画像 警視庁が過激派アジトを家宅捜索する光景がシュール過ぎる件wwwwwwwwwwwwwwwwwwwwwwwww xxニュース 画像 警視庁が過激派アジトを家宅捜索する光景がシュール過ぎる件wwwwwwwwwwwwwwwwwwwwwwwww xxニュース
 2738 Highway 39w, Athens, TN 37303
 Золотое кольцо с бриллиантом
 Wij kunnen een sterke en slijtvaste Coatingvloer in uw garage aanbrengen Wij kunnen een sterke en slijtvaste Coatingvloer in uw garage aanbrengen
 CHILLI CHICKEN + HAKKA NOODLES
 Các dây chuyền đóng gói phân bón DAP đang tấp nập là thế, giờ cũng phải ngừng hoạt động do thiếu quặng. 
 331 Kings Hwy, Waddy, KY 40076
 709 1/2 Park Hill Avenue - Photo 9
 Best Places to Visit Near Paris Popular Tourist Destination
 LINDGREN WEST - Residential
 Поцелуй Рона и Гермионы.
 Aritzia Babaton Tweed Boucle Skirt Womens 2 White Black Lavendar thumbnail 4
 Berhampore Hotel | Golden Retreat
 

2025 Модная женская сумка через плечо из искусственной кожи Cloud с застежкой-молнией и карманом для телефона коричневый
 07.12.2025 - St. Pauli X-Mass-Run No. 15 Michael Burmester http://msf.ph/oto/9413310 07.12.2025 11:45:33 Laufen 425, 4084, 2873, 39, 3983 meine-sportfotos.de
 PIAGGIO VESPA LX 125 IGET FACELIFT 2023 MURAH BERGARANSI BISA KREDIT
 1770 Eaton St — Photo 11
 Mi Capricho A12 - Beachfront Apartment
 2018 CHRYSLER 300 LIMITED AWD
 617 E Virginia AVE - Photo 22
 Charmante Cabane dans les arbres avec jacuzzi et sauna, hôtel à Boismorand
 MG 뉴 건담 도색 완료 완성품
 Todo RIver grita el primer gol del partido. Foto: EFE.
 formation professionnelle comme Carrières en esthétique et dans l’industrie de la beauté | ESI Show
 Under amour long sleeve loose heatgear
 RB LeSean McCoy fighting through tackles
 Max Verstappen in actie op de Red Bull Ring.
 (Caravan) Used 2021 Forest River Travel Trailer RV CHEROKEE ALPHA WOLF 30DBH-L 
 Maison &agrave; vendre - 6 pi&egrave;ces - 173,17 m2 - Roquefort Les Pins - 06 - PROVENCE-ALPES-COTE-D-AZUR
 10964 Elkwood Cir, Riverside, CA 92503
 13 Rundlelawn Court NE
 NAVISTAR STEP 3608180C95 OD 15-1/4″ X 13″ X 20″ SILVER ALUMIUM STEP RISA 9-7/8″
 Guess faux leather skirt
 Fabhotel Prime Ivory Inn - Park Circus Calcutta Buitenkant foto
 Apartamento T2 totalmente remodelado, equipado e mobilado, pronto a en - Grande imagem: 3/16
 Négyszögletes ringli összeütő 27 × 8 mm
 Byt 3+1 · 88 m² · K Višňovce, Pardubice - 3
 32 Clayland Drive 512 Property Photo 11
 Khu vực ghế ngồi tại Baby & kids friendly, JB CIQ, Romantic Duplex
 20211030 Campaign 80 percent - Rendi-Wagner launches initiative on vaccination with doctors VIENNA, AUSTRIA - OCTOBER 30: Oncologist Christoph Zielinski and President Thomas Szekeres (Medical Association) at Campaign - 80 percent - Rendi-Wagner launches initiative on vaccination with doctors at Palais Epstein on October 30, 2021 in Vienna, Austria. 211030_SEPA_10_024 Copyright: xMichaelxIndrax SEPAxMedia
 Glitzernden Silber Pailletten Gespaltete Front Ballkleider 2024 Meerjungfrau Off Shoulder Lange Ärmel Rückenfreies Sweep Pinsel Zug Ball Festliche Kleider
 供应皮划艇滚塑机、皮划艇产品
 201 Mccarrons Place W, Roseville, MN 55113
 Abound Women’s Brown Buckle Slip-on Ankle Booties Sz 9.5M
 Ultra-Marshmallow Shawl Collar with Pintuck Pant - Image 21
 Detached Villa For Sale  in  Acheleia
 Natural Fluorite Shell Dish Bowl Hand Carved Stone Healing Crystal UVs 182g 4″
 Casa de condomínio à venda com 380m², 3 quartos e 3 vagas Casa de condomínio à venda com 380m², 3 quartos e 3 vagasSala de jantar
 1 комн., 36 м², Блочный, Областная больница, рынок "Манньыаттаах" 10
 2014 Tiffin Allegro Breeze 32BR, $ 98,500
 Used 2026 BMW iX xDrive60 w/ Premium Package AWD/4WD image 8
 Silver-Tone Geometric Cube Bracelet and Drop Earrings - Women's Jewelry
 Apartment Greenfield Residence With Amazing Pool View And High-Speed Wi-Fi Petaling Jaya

----

Aim of the task -> All the data above should be set down a second time, exactly.

Problem solution ->
画像 警視庁が過激派アジトを家宅捜索する光景がシュール過ぎる件wwwwwwwwwwwwwwwwwwwwwwwww xxニュース 画像 警視庁が過激派アジトを家宅捜索する光景がシュール過ぎる件wwwwwwwwwwwwwwwwwwwwwwwww xxニュース
 2738 Highway 39w, Athens, TN 37303
 Золотое кольцо с бриллиантом
 Wij kunnen een sterke en slijtvaste Coatingvloer in uw garage aanbrengen Wij kunnen een sterke en slijtvaste Coatingvloer in uw garage aanbrengen
 CHILLI CHICKEN + HAKKA NOODLES
 Các dây chuyền đóng gói phân bón DAP đang tấp nập là thế, giờ cũng phải ngừng hoạt động do thiếu quặng. 
 331 Kings Hwy, Waddy, KY 40076
 709 1/2 Park Hill Avenue - Photo 9
 Best Places to Visit Near Paris Popular Tourist Destination
 LINDGREN WEST - Residential
 Поцелуй Рона и Гермионы.
 Aritzia Babaton Tweed Boucle Skirt Womens 2 White Black Lavendar thumbnail 4
 Berhampore Hotel | Golden Retreat
 

2025 Модная женская сумка через плечо из искусственной кожи Cloud с застежкой-молнией и карманом для телефона коричневый
 07.12.2025 - St. Pauli X-Mass-Run No. 15 Michael Burmester http://msf.ph/oto/9413310 07.12.2025 11:45:33 Laufen 425, 4084, 2873, 39, 3983 meine-sportfotos.de
 PIAGGIO VESPA LX 125 IGET FACELIFT 2023 MURAH BERGARANSI BISA KREDIT
 1770 Eaton St — Photo 11
 Mi Capricho A12 - Beachfront Apartment
 2018 CHRYSLER 300 LIMITED AWD
 617 E Virginia AVE - Photo 22
 Charmante Cabane dans les arbres avec jacuzzi et sauna, hôtel à Boismorand
 MG 뉴 건담 도색 완료 완성품
 Todo RIver grita el primer gol del partido. Foto: EFE.
 formation professionnelle comme Carrières en esthétique et dans l’industrie de la beauté | ESI Show
 Under amour long sleeve loose heatgear
 RB LeSean McCoy fighting through tackles
 Max Verstappen in actie op de Red Bull Ring.
 (Caravan) Used 2021 Forest River Travel Trailer RV CHEROKEE ALPHA WOLF 30DBH-L 
 Maison &agrave; vendre - 6 pi&egrave;ces - 173,17 m2 - Roquefort Les Pins - 06 - PROVENCE-ALPES-COTE-D-AZUR
 10964 Elkwood Cir, Riverside, CA 92503
 13 Rundlelawn Court NE
 NAVISTAR STEP 3608180C95 OD 15-1/4″ X 13″ X 20″ SILVER ALUMIUM STEP RISA 9-7/8″
 Guess faux leather skirt
 Fabhotel Prime Ivory Inn - Park Circus Calcutta Buitenkant foto
 Apartamento T2 totalmente remodelado, equipado e mobilado, pronto a en - Grande imagem: 3/16
 Négyszögletes ringli összeütő 27 × 8 mm
 Byt 3+1 · 88 m² · K Višňovce, Pardubice - 3
 32 Clayland Drive 512 Property Photo 11
 Khu vực ghế ngồi tại Baby & kids friendly, JB CIQ, Romantic Duplex
 20211030 Campaign 80 percent - Rendi-Wagner launches initiative on vaccination with doctors VIENNA, AUSTRIA - OCTOBER 30: Oncologist Christoph Zielinski and President Thomas Szekeres (Medical Association) at Campaign - 80 percent - Rendi-Wagner launches initiative on vaccination with doctors at Palais Epstein on October 30, 2021 in Vienna, Austria. 211030_SEPA_10_024 Copyright: xMichaelxIndrax SEPAxMedia
 Glitzernden Silber Pailletten Gespaltete Front Ballkleider 2024 Meerjungfrau Off Shoulder Lange Ärmel Rückenfreies Sweep Pinsel Zug Ball Festliche Kleider
 供应皮划艇滚塑机、皮划艇产品
 201 Mccarrons Place W, Roseville, MN 55113
 Abound Women’s Brown Buckle Slip-on Ankle Booties Sz 9.5M
 Ultra-Marshmallow Shawl Collar with Pintuck Pant - Image 21
 Detached Villa For Sale  in  Acheleia
 Natural Fluorite Shell Dish Bowl Hand Carved Stone Healing Crystal UVs 182g 4″
 Casa de condomínio à venda com 380m², 3 quartos e 3 vagas Casa de condomínio à venda com 380m², 3 quartos e 3 vagasSala de jantar
 1 комн., 36 м², Блочный, Областная больница, рынок "Манньыаттаах" 10
 2014 Tiffin Allegro Breeze 32BR, $ 98,500
 Used 2026 BMW iX xDrive60 w/ Premium Package AWD/4WD image 8
 Silver-Tone Geometric Cube Bracelet and Drop Earrings - Women's Jewelry
 Apartment Greenfield Residence With Amazing Pool View And High-Speed Wi-Fi Petaling Jaya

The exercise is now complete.